Forum Discussion
What is the difference between the functions correl and pearson?
- Mar 24, 2020
To my knowledge they have exactly the same math behind, but different implementation. On Excel after 2003 it shall be no difference. Bit more is within this article https://docs.microsoft.com/en-us/office/troubleshoot/excel/statistical-functions-rsq
To my knowledge they have exactly the same math behind, but different implementation. On Excel after 2003 it shall be no difference. Bit more is within this article https://docs.microsoft.com/en-us/office/troubleshoot/excel/statistical-functions-rsq
- anMSuserMar 24, 2020Copper Contributor
SergeiBaklan - That's very interesting.
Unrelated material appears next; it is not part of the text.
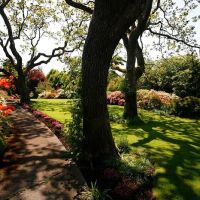Schollmeyer Landscaping, Inc. ico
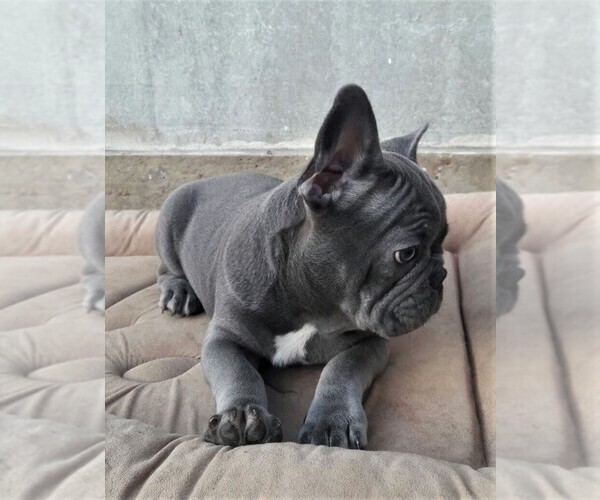 Medium Photo #3 French Bulldog Puppy For Sale in DES PLAINES, IL, USA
If I understand that article correctly, both functions yield the same results now, but could have been different prior to Excel 2003 because of round-off errors that could occur in pearson() before improvements in Excel 2003 fixed those errors.
So I suppose the only reason to have both functions now is for backward compatibility with old code that might have used one or the other. Is that right?
But this raises the question, which, unless I missed it, the article doesn't answer, why Excel had two functions that did essentially the same thing, but one of them sometimes had errors. Why would anyone ever use pearson() then? Was it a lot faster for large problems? The article doesn't say anything about differences in efficiency or any other reason to have used pearson() when it was prone to error.
- SergeiBaklanMar 24, 2020Diamond Contributor
Again, I don't know. At least CORREL() is not marked "This function is available for compatibility..." as some others if you start typing them.
Performance - I did small simple test with two arrays on 1 million rows each. Bot CORREL() and PEARSON() calculates practically immediately.
- anMSuserMar 25, 2020Copper Contributor
You would need to run that test in a version of Excel prior to Excel 2003, because that is when pearson() would sometimes yield erroneous results. It would have made sense to use pearson() back then if it ran a lot faster than correl() and if you knew how to determine that you were not using it in a domain that would yield errors.